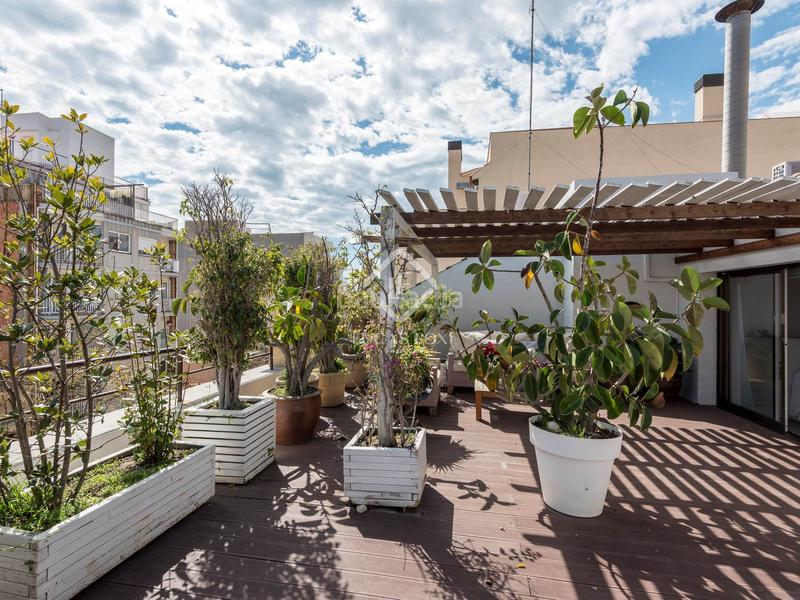 Foto 2196c499-5b35-4705-931f-3bb5985c1d4c. Piso magnífico ático dúplex con 112 m de terraza en venta en el centro de vilanova en Vilanova i la Geltrú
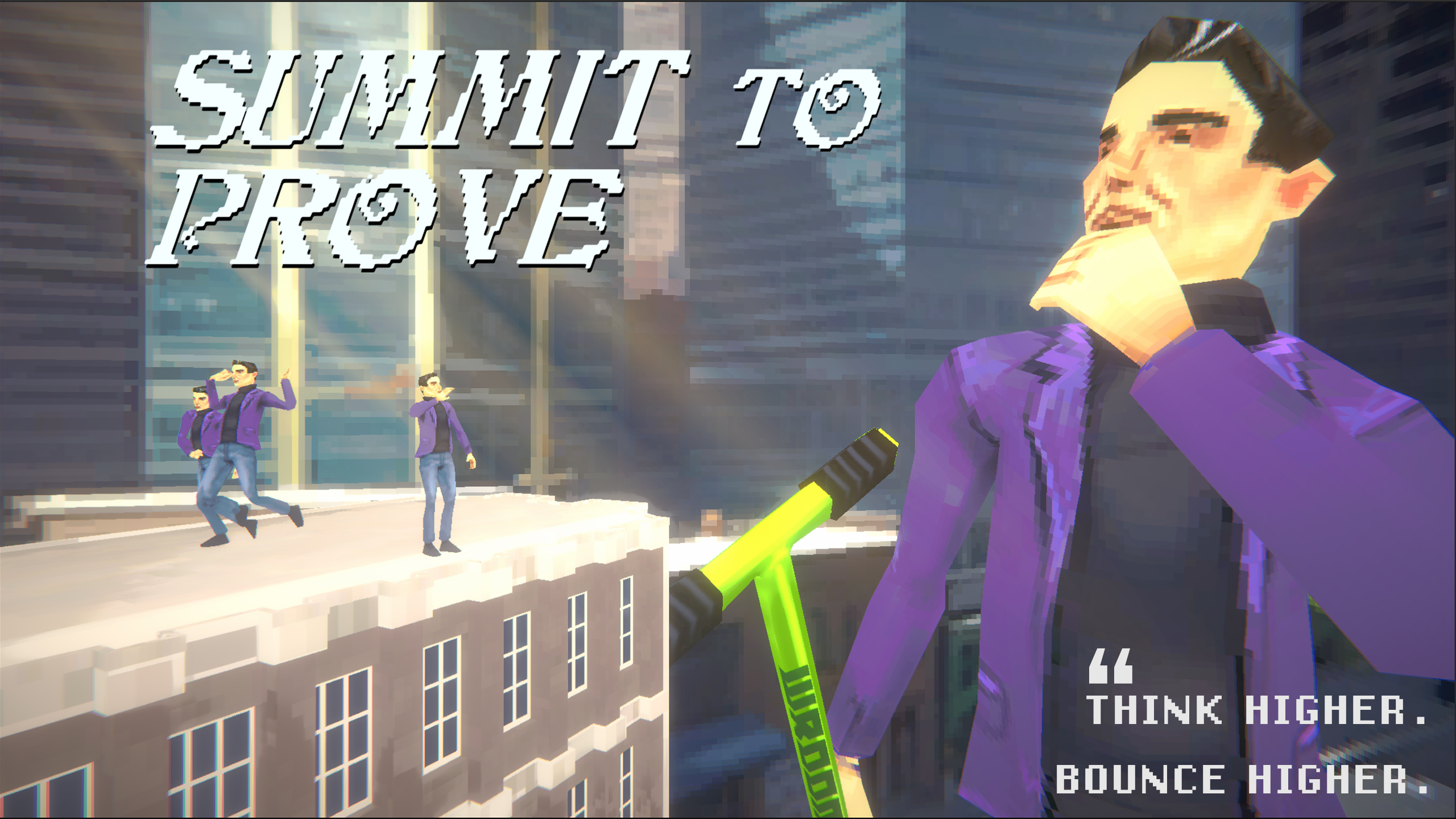 Summit to Prove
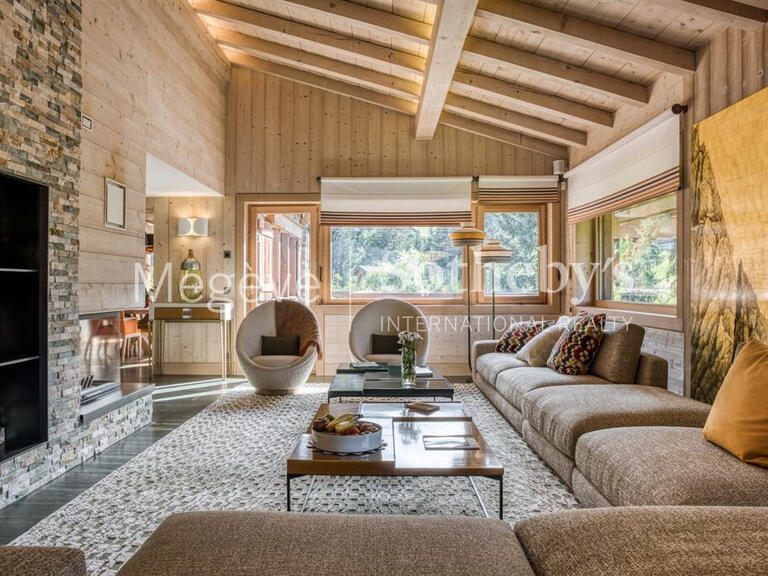 Chalet Megève - 9 bedrooms - 780m²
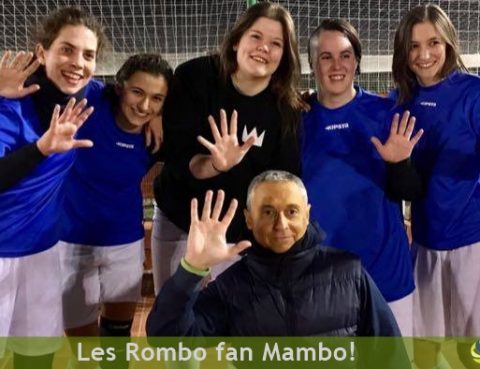 Les Rombo - futbol femenino CSS.CAT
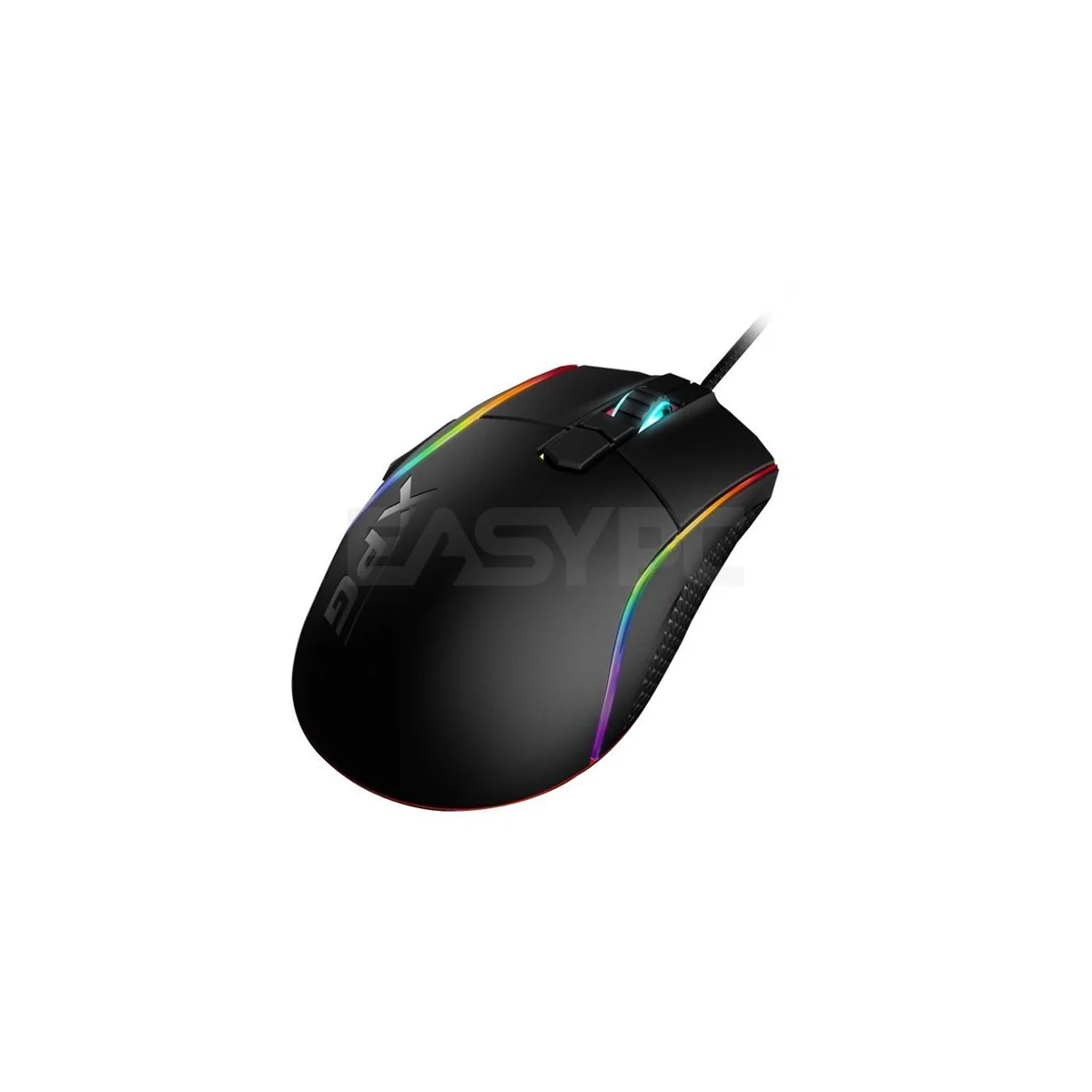 Brand New XPG PRIMER RGB Gaming Mouse, 12000 DPI PMW3360 Optical Sensor Omron Mechanical Switches with 20-Million Clicks Durability Gaming Mouse XPPR1812 1ION - Image 2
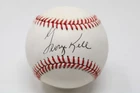 George Kell OAL Baseball Signed Auto PSA/DNA Authenticated Detroit Tig ID:385762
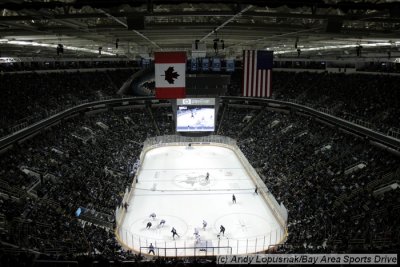 HP Pavillion - San Jose, CA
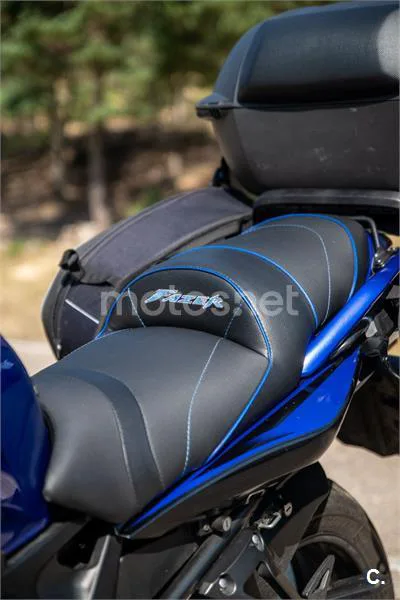 Yamaha FZ6 Fazer S2 - Vista 4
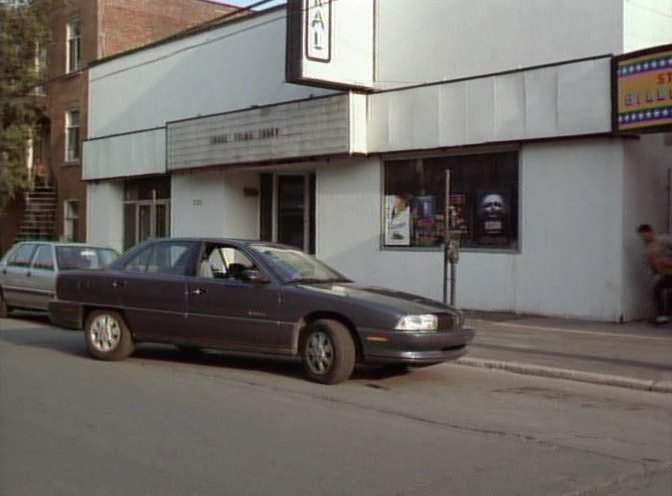 Oldsmobile Achieva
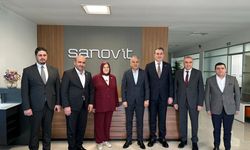 Gürcan’dan Eskişehir OSB’ye Sanayi Ziyareti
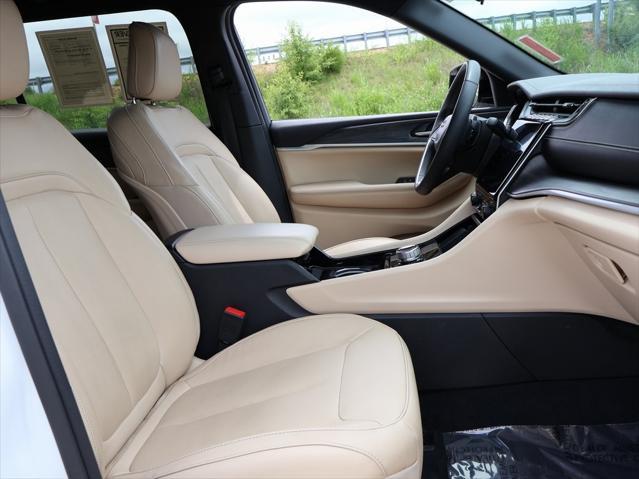 used 2023 Jeep Grand Cherokee L car, priced at $28,305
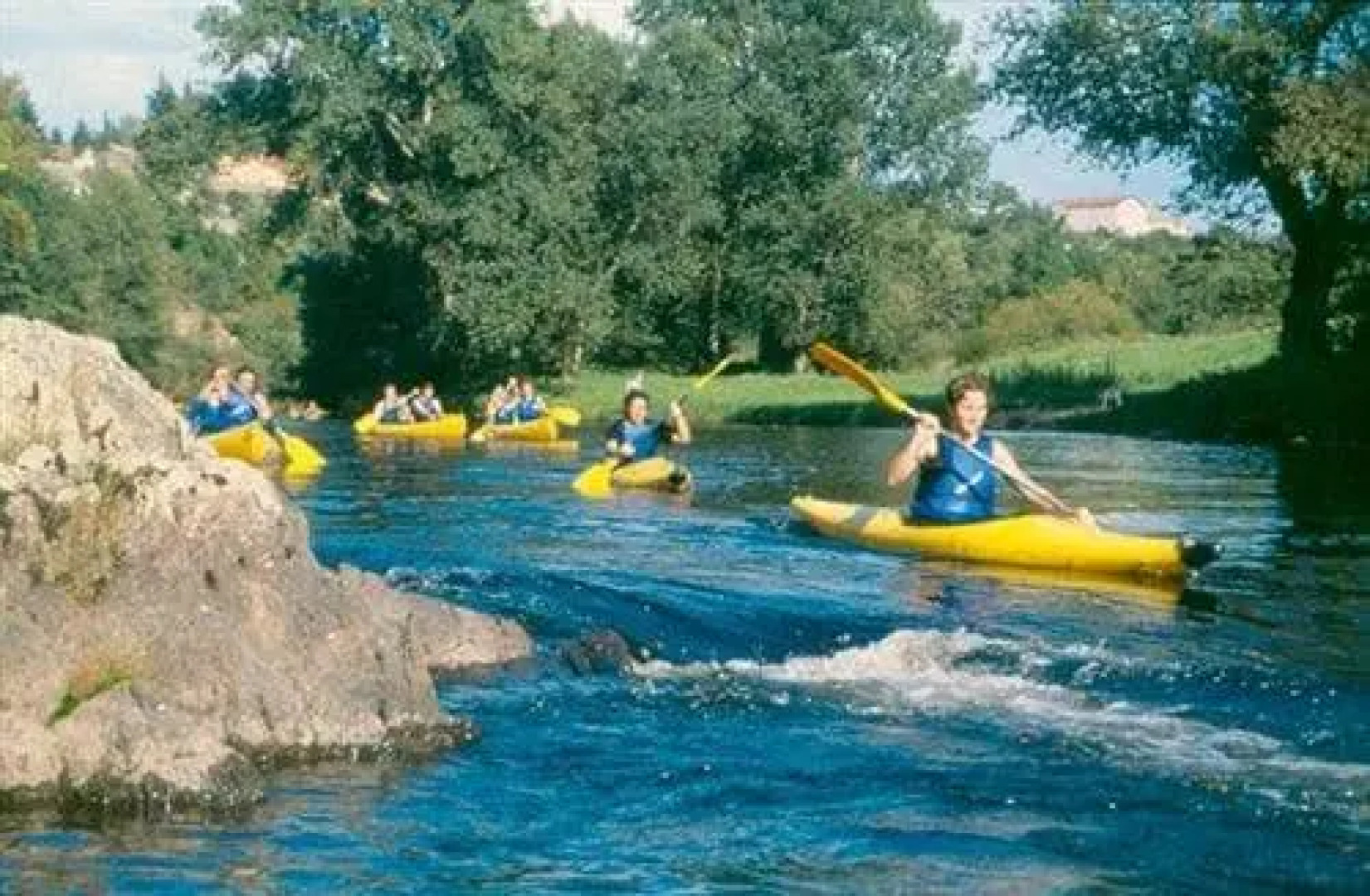 Village Cap Vacances Alleyras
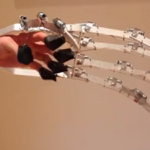 Robohands Made by New 3D Printers Assist Children without Hands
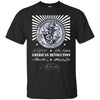 Image of American Revolution Shirt, US History, Hamilton, Washington
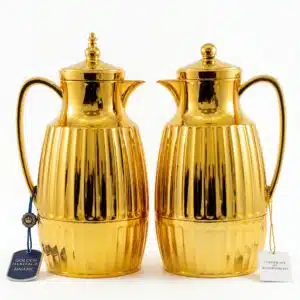 FLASK 1.0L+1.0L F.SHINING GOLD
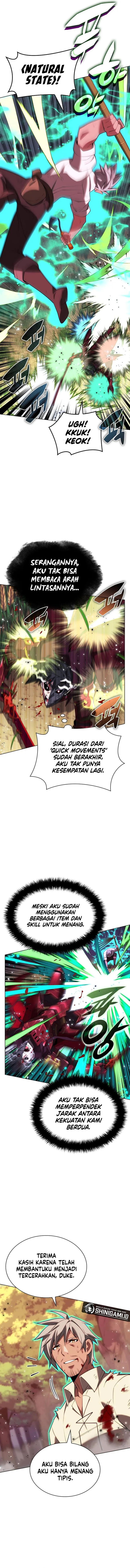Read Overgeared ID Manga Online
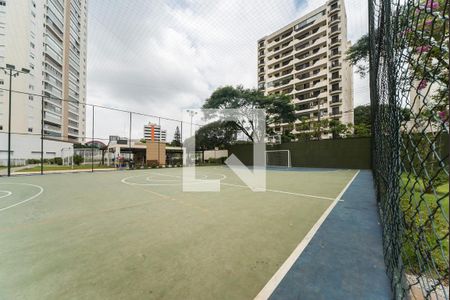 Apartamento para alugar com 123m², 3 quartos e 2 vagasÁrea comum - quadra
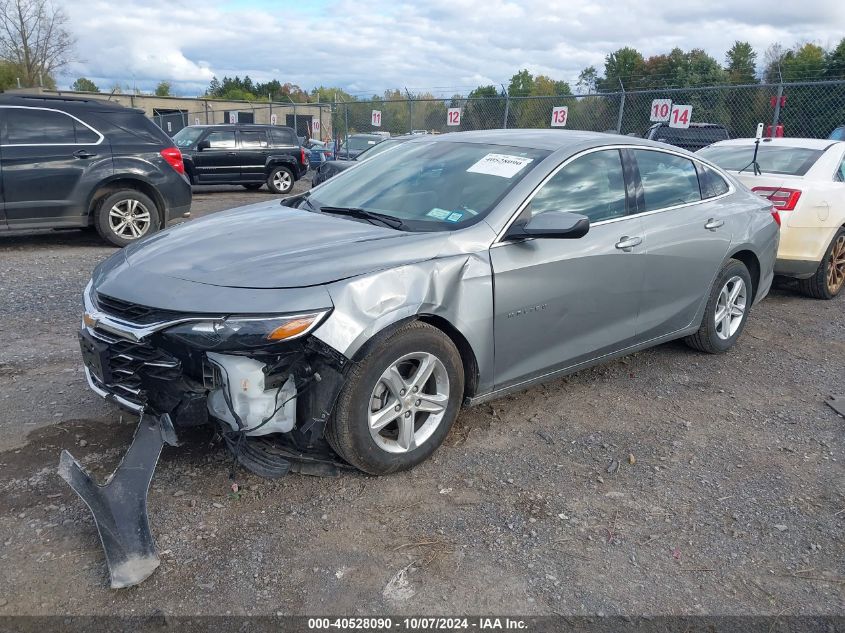 1G1ZC5ST4RF214396 2024 CHEVROLET MALIBU - Image 2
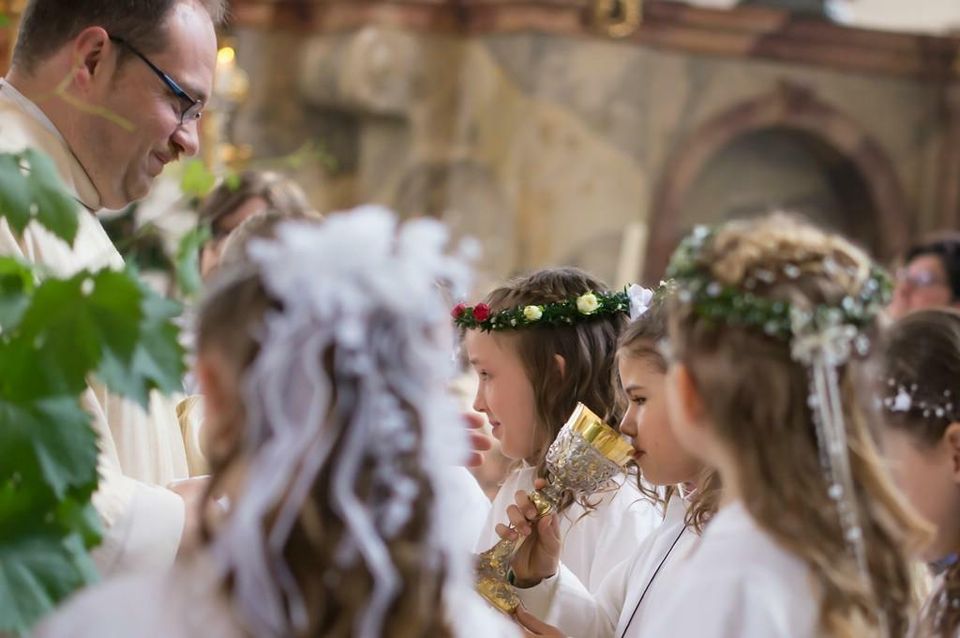 Fotograf für Erstkommunion, Hochzeit, Taufe ( Raum Niederbayern) in Dingolfing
══════════════════════════════
### Your objective
Begin with the line containing "used 2023 Jeep" and end with the last line of the material above; return exactly those lines, both ends included, and omit all pictures.

### Reply to the exercise
 used 2023 Jeep Grand Cherokee L car, priced at $28,305
 Village Cap Vacances Alleyras
 Robohands Made by New 3D Printers Assist Children without Hands
 Image of American Revolution Shirt, US History, Hamilton, Washington
 FLASK 1.0L+1.0L F.SHINING GOLD
Read Overgeared ID Manga Online
 Apartamento para alugar com 123m², 3 quartos e 2 vagasÁrea comum - quadra
 1G1ZC5ST4RF214396 2024 CHEVROLET MALIBU - Image 2
 Fotograf für Erstkommunion, Hochzeit, Taufe ( Raum Niederbayern) in Dingolfing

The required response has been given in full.